At 8AM today, Saturday, I was at a meeting listening to the chairman read out of The Doctor's Opinion from our basic text. The section he read suggests that people drink because they like the effect it produces on them. It makes them feel good and people like to feel good, so they drink alcohol. OK, fair enough. The text continues on with a description of the alcoholic, the abnormal drinker, and the description becomes a little less flattering. We are characterized as people who begin to realize that the drinking is harmful but can't manage to stop. Then, we lose all sane perspective about what we're doing. We take the knowledge that we're harming ourselves and stuff it way, way down inside, where the sun don't shine. At that point we're officially insane, a fact pointed out in Step Two.
The text continues: our problems pile up and become "astonishingly difficult to solve." Still, we keep drinking.
The chairman described the mental and physical release he got when he drank and used. I knew exactly what he was talking about. The drugs and alcohol made me feel that way, too: that burst of release and adrenalin. Alcohol doesn't make non-alcoholics feel that way. It may make them feel better for a while but it doesn't make them whole. I was in pieces, as a person, and the alcohol put me together. It wasn't better: it was nirvana.
I share, once again, the truth that I liked to drink and drug. I liked how I felt. I liked everything about it. Trying new substances, out late at night, excited, on the edge, wallowing in the instant camaraderie so common among drunks drinking together. Have you walked down the beer aisle at your local grocery store lately? Holy shit, it's as beautiful to me as the most gloriously decorated holiday scene.
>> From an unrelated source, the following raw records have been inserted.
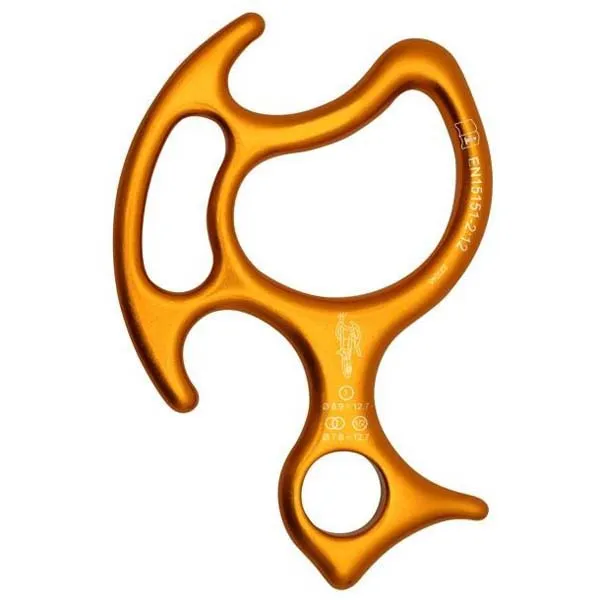 Kong Oka-x Abseilgerät, Orange, One Size Kong Oka-x Abseilgerät, Orange, One Size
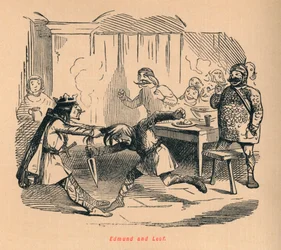 Edmund és Leof, c1860, c1860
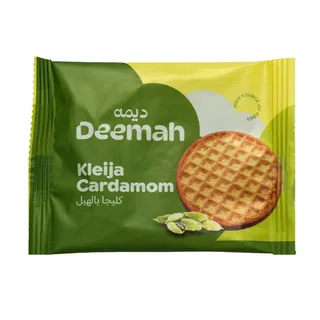 Deemah Kleija Biscuits with Cardamom, 62g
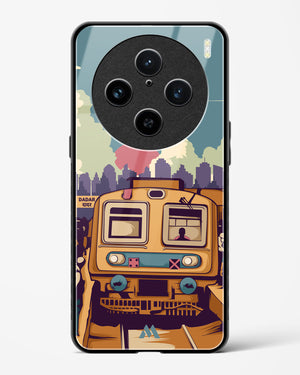 The City That Never Sleeps Glass Case Phone Cover (Vivo)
When I think about alcohol today my first reaction is positive. I remember drinking in a favorable light. Now, I don't dwell on this. My training in The Program takes over and I think through the drink to the inevitable misery. But that's why I was in a meeting at 8AM on a Saturday. Because after 24 years my reaction to alcohol is still wistful and quaint. I need to keep working on the spiritual solution to my disease that will help me resist something that I have no ability to resist on my own.